The new version is just as likely to involve nonalcoholic drinks as the more potent stuff, and the deal fests are more likely to fall during afternoons or TV prime time than right after the business day ends. Darden Restaurants’ new The Capital Burger concept, for instance, has a happy hour every day from 3-6:30 p.m, when the price of cocktails and wines by the glass drops to $7. Chili’s holds two a day, from 3-7 p.m. and then from 9 p.m. until closing—plus from opening to closing on Sundays.

Nor is the venerable marketing draw making its comeback exclusively in the usual turf of casual dining, though players in that arena are resurrecting the customer lure as well. Happy hour proponents include such quick-service specialists as Dunkin’ Donuts and Starbucks, which is planning to unveil a new version Thursday to replace last summer's popular afternoon Frappuccino Happy Hour.

Sonic was a pioneer in using a seasonal nonalcoholic happy hour to bolster traffic after the dinner rush. This year, it’s dusting off the annual promotion now rather than waiting for summertime. Patrons can now get half-priced floats, shakes and slushes from 8 p.m. until closing.

Dunkin’s focus is on the afternoon.

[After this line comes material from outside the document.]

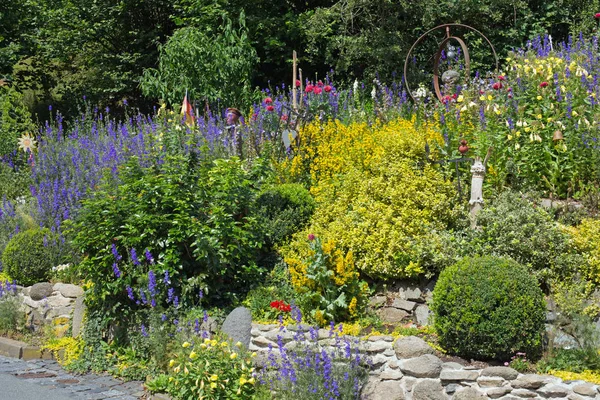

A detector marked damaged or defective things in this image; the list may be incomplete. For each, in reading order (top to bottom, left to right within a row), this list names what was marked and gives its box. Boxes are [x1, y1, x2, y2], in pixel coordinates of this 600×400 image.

rusty metal garden ornament [406, 23, 500, 103]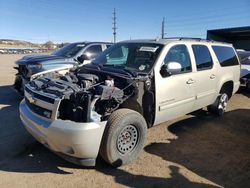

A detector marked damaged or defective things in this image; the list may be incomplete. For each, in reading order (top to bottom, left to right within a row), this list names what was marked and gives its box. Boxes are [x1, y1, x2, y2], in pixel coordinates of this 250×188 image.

damaged white suv [19, 37, 240, 166]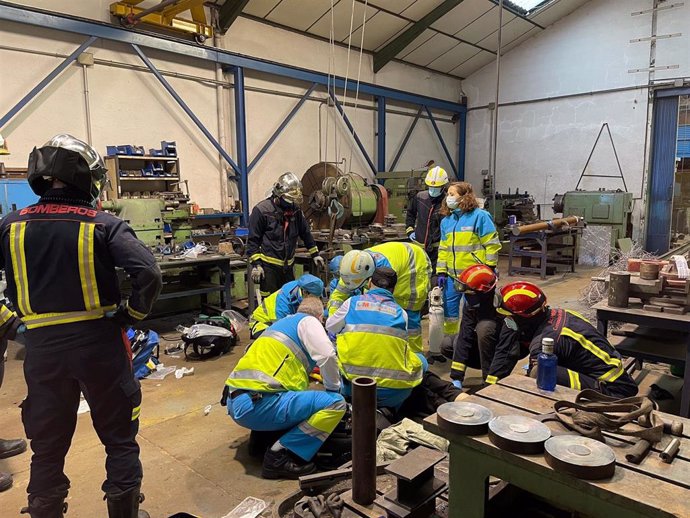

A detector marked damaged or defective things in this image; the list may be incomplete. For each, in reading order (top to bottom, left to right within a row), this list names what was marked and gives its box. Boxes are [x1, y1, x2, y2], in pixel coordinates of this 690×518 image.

In what the chain is promoting as a happy hour, medium-sized lattes are available for $2 each during the slump time between lunch and dinner.

Starbucks hasn’t yet revealed the specifics of its new afternoon deal. The come-on will be structured to deliver incremental sales as much as traffic, CFO Scott Maw suggested in addressing investors earlier this month.

He explained that the chain’s long-running Frappuccino Happy Hour had lured customers into a unit who would then stop back at other times to buy a Frappuccino at the full price, making the deal worthwhile. But the happy hour discount had maxed out in converting customers, meaning the promotion wasn’t delivering new patrons.

“What we are trying to do this year is sort of reinvent happy hour,” said Maw.

The reinvention of happy hours is part of the larger ongoing trend of discounting the price of beverages, a product with considerable margin wiggle room, as a guest enticement. Recently, Applebee’s discounted the price of vodka-spiked lemonade to $2 a glass for March and cut the price of Bahama Mamas, a signature of the chain, to $1 during February.

Chili’s cut the price of its margaritas to $3.13 on its anniversary, March 13, and most recently included a free soft drink as one of the every-visit perks available to members of its loyalty program.